> **Directions**: Transcribe the entries exactly. Omit the pictures.

[Opening Source records section]

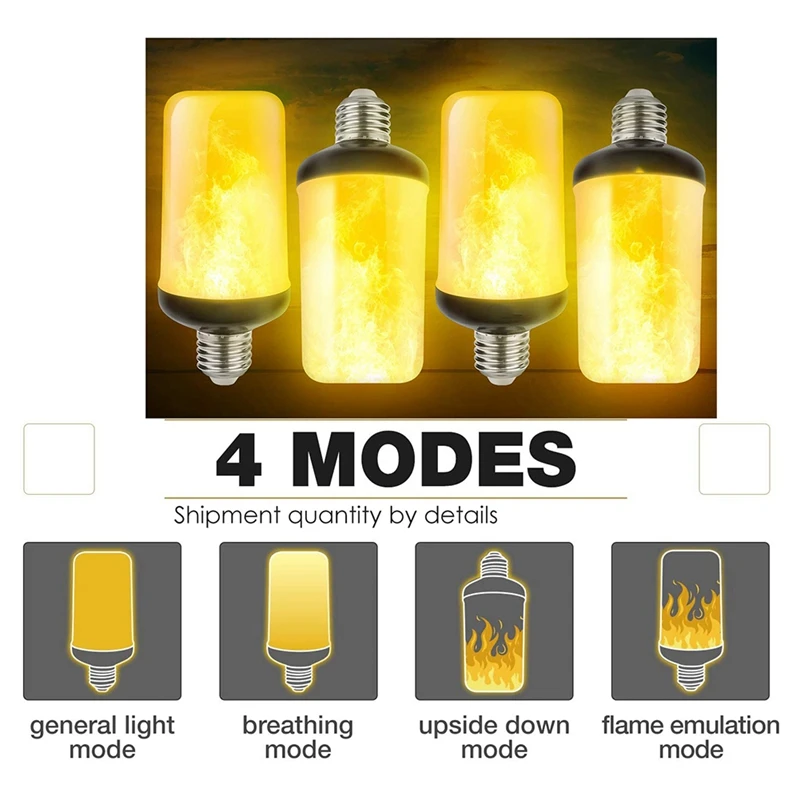 3X LED Flame Effect Light Bulb E27,Decorative Flickering Realistic Fire Lights Bulb,Festival Decoration Lamp,Black-B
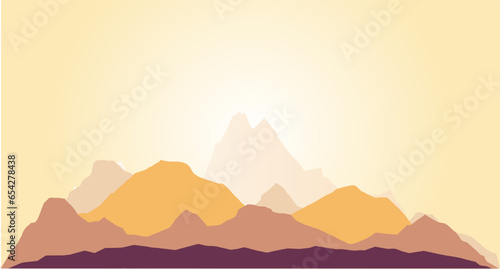 Rocky terrain natural landscape for scenery. Mountains and rising sun  sunset. Wild mountains and alpine peaks. Camping and hiking vector illustration. For business cards  postcards  covers
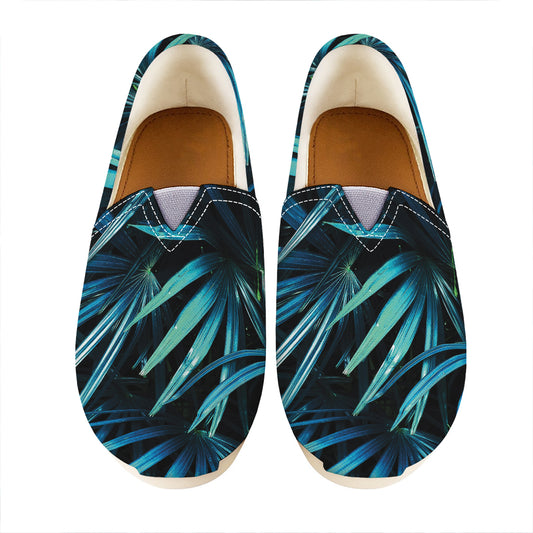Turquoise Tropical Leaves Print Casual Shoes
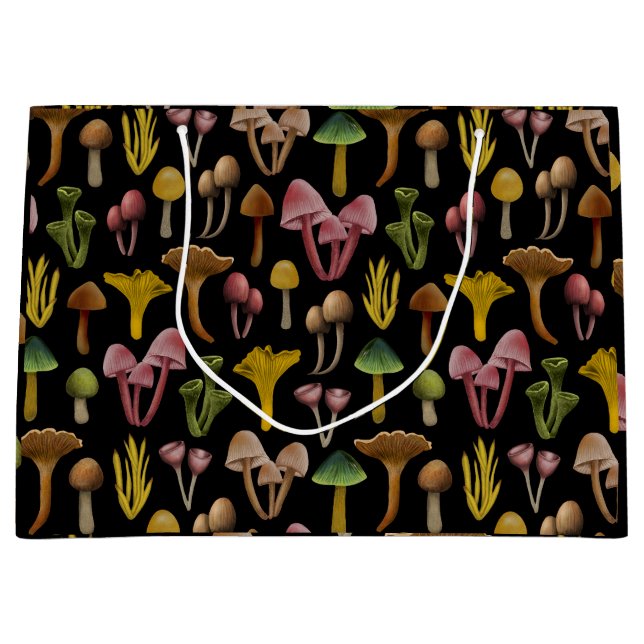 Pilze, Lichen und farbenfrohe Pilze Große Geschenktüte (Vorderseite)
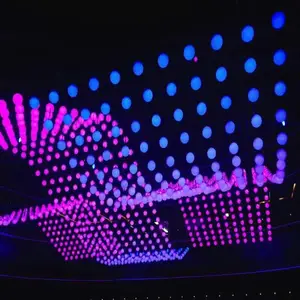 كرة led ثلاثية الأبعاد ملونة بالكامل بطول 50 مللي متر لتزيين النادي الليلي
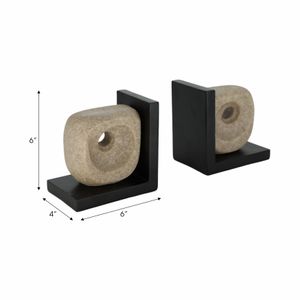 LYNNPARK SET OF 2 BROWN BOOKENDS 6 (IN) 7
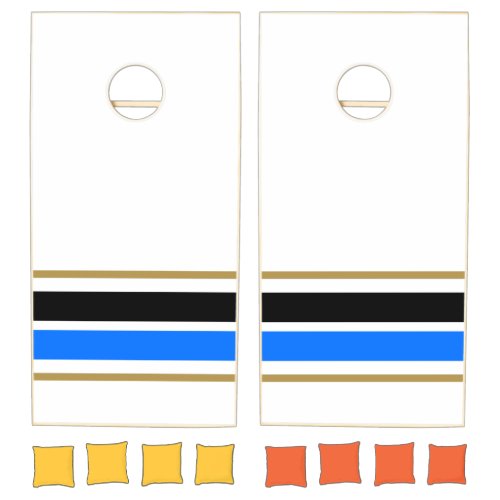 Fun Black Bright Blue Bottom Edge Racing Stripes Cornhole Set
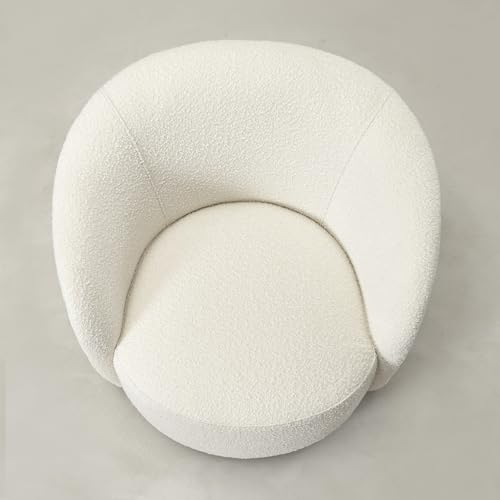 34" W Mid Century Modern Boucle Swivel Barrel Chair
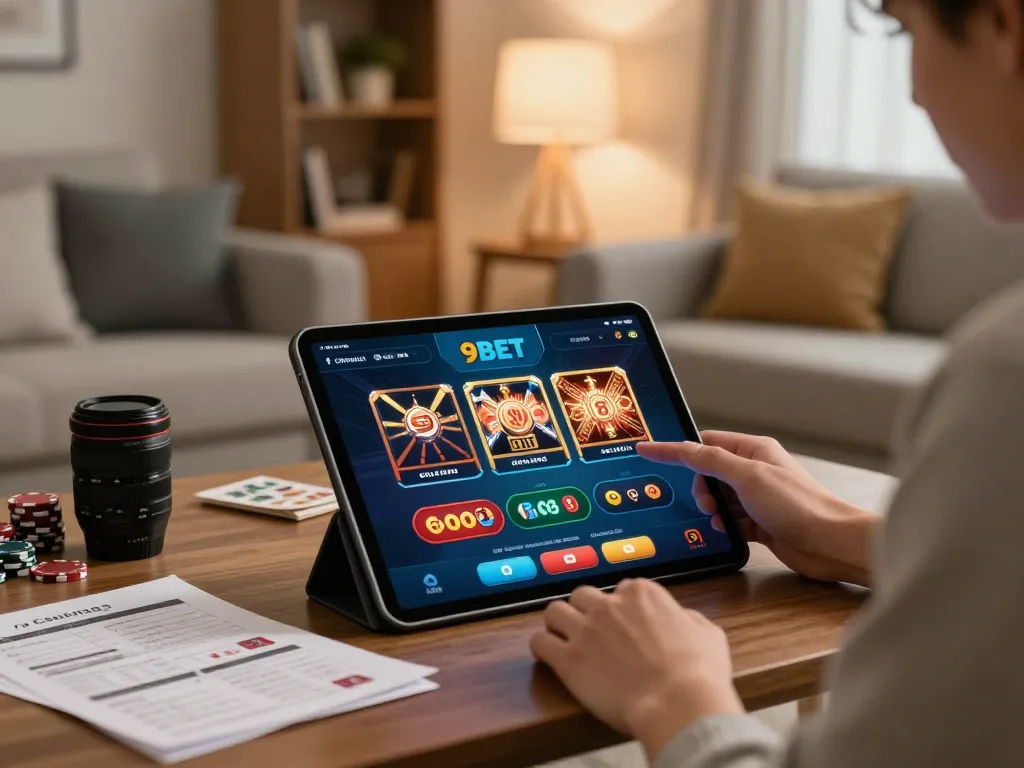 Player enjoying the 9BET app on a tablet in a cozy home, highlighting online gaming strategies.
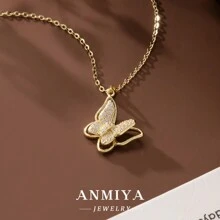 ANMIYA Dây chuyền sang trọng tinh xảo Trang sức Bạc Sterling 925 Mặt dây chuyền hình con bướm Dây chuyền mạ vàng 18K dành cho phụ nữ - Vàng - Xem 1
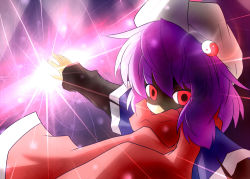 Rule 34 | 1girl, commentary request, female focus, hat, letty whiterock, purple hair, red eyes, scarf, short hair, solo, touhou, yin yang, yurume atsushi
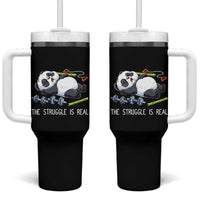 Funny Panda Workout Gift Tumbler With Handle The Struggle Is Real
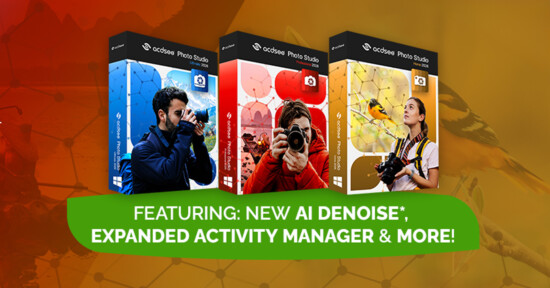 Three colorful software boxes for ACDSee Photo Studio, each with a different person holding a camera. Text overlay reads: "Featuring: New AI Denoise*, Expanded Activity Manager & More!" on a green banner.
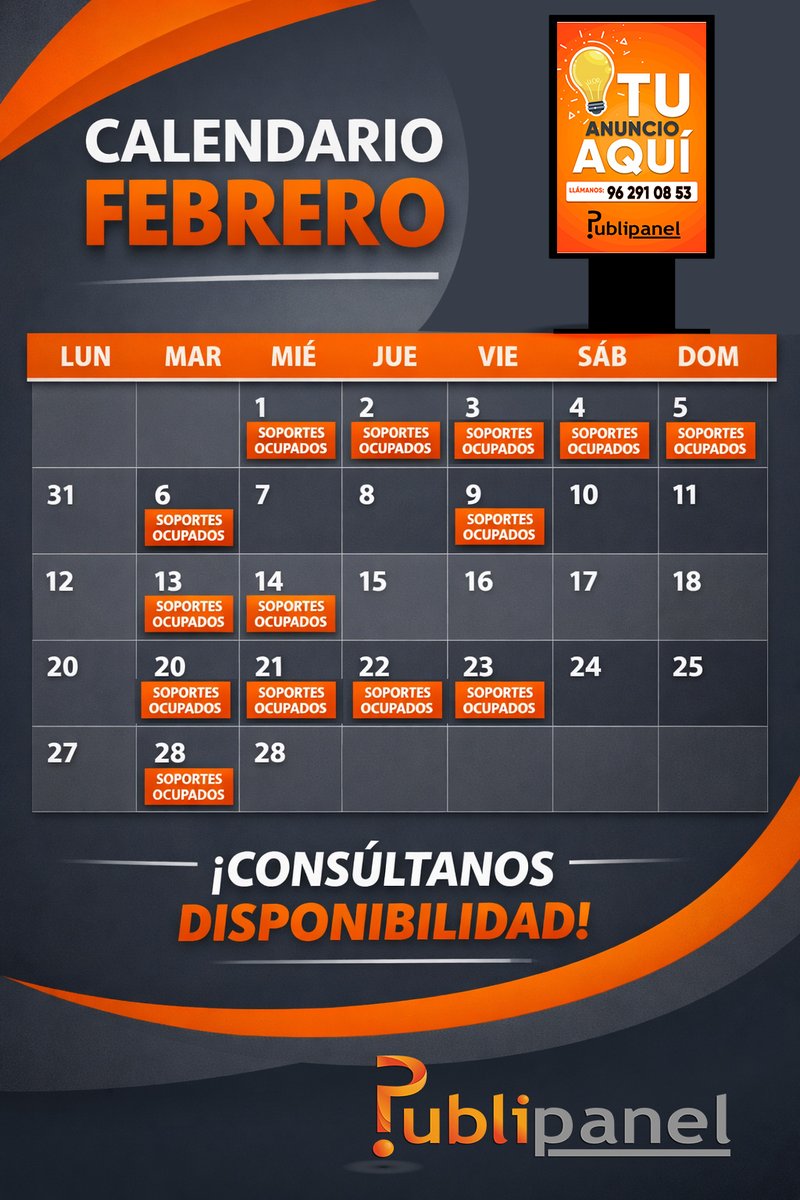 Enero llega a su fin y febrero ya está prácticamente completo. 📆
Si estás planificando campañas para San Valentín o lanzamientos estratégicos, ahora es el momento de bloquear tus ubicaciones.
 📩 albapubli@publipanel.es | 🔗 publipanel.es
#Ventas #PlanDeMarketing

[Closing Source records section]

> **Reply to the task**:
 3X LED Flame Effect Light Bulb E27,Decorative Flickering Realistic Fire Lights Bulb,Festival Decoration Lamp,Black-B
 Rocky terrain natural landscape for scenery. Mountains and rising sun  sunset. Wild mountains and alpine peaks. Camping and hiking vector illustration. For business cards  postcards  covers
Turquoise Tropical Leaves Print Casual Shoes
 Pilze, Lichen und farbenfrohe Pilze Große Geschenktüte (Vorderseite)
 كرة led ثلاثية الأبعاد ملونة بالكامل بطول 50 مللي متر لتزيين النادي الليلي
 LYNNPARK SET OF 2 BROWN BOOKENDS 6 (IN) 7
 Fun Black Bright Blue Bottom Edge Racing Stripes Cornhole Set
 34" W Mid Century Modern Boucle Swivel Barrel Chair
 Player enjoying the 9BET app on a tablet in a cozy home, highlighting online gaming strategies.
 ANMIYA Dây chuyền sang trọng tinh xảo Trang sức Bạc Sterling 925 Mặt dây chuyền hình con bướm Dây chuyền mạ vàng 18K dành cho phụ nữ - Vàng - Xem 1
 Rule 34 | 1girl, commentary request, female focus, hat, letty whiterock, purple hair, red eyes, scarf, short hair, solo, touhou, yin yang, yurume atsushi
 Funny Panda Workout Gift Tumbler With Handle The Struggle Is Real
 Three colorful software boxes for ACDSee Photo Studio, each with a different person holding a camera. Text overlay reads: "Featuring: New AI Denoise*, Expanded Activity Manager & More!" on a green banner.
 Enero llega a su fin y febrero ya está prácticamente completo. 📆
Si estás planificando campañas para San Valentín o lanzamientos estratégicos, ahora es el momento de bloquear tus ubicaciones.
 📩 albapubli@publipanel.es | 🔗 publipanel.es
#Ventas #PlanDeMarketing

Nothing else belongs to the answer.